Court Rules Unrecorded Mortgages Received Through The FDIC Receivership Of WaMu Are Voidable
Steve Dibert, MFI-Miami
On the Friday before Christmas, while the media was focused on the funerals of the victims of the Sandy Hook massacre and pre-Christmas retail sales figures, the Michigan Supreme Court quietly handed down a significant ruling that will affect nearly $3.75 billion worth of mortgages former Washington Mutual mortgages that JPMorgan Chase acquired from the FDIC after Washington Mutual went into FDIC receivership in 2008.
The Michigan Supreme Court upheld a Michigan Court of Appeals ruling from January that calls for a strict interpretation of a Michigan law that states that if a foreclosing party is not the originating note holder they must be able to show a record chain of the mortgage.
MCL 600.3204(3) states:
If the party foreclosing a mortgage by advertisement is not the original mortgagee, a record chain of title shall exist prior to the date of sale under section 3216 evidencing the assignment of the mortgage to the party foreclosing the mortgage.
In Kim v.
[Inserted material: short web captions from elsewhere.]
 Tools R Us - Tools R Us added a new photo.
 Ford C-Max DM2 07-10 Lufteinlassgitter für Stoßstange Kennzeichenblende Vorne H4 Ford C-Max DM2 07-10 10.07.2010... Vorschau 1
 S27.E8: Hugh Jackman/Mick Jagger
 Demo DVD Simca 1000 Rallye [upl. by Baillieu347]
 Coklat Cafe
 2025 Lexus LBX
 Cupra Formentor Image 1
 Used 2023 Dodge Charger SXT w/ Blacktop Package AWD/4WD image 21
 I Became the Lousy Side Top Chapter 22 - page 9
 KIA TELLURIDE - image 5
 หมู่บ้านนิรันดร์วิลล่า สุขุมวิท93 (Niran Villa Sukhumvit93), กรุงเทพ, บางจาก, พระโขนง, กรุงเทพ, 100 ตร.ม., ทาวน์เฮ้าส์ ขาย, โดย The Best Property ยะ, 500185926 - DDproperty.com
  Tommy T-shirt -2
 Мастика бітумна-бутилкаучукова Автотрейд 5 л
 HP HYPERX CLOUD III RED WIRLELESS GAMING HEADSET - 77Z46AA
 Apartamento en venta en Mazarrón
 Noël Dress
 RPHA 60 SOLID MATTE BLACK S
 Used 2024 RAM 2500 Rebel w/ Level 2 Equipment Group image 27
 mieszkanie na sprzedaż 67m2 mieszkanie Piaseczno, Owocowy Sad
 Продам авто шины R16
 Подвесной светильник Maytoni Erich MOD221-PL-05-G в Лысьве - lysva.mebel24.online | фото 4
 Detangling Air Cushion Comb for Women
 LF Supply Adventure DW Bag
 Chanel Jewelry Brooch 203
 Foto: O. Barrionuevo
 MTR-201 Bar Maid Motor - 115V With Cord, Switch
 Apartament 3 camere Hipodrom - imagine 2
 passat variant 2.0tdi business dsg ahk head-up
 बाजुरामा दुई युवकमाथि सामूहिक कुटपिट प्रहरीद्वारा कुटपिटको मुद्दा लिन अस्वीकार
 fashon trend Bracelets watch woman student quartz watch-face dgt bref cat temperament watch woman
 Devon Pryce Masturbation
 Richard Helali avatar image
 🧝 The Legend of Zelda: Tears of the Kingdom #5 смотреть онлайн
J.P. Morgan Chase, Chase claimed the requirements under MCL600.3204(3) do not apply because JPMorgan Chase acquired the loan “by operation of law”. What this means is JPMorgan chase is claiming is they don’t need to show a recorded chain of ownership because they acquired the note through their acquisition of Washington Mutual’s assets after Washington Mutual was placed into FDIC receivership in 2008. The Court of Appeals disagreed and said that a claim of “by operation of law” could only be claimed by the FDIC and that a mortgage assignment from the FDIC to JPMorgan Chase still had to be properly recorded with the Register of Deeds.
The Michigan Supreme Court in their 4-3 ruling states that the mortgages are currently unenforceable because JPMorgan Chase can not claim operation of law. The court ruled JPMorgan Chase did not acquire Washington Mutual as a corporate entity. Instead they acquired assets of the company through a third party. Therefore a chain of ownership must be recorded with the Register of Deeds where the property is located. However, the courts ruling did leave open the possibility that JPMorgan Chase could go back and record a mortgage assignment. However, JPMorgan Chase faces two major obstacles in doing so. The first being if when the FDIC has concluded the liquidation of Washington Mutual and damages owed to homeowners they may have already illegally evicted from their homes.
This ruling could affect as many as many as 40,000 Washington Mutual mortgages in Michigan that JPMorgan Chase acquired from the FDIC. It is unknown if JPMorgan Chase will seek damages from the law firms aka foreclosure mills that were either hired directly or indirectly by JPMorgan Chase to handle recording these documents and execute the foreclosures.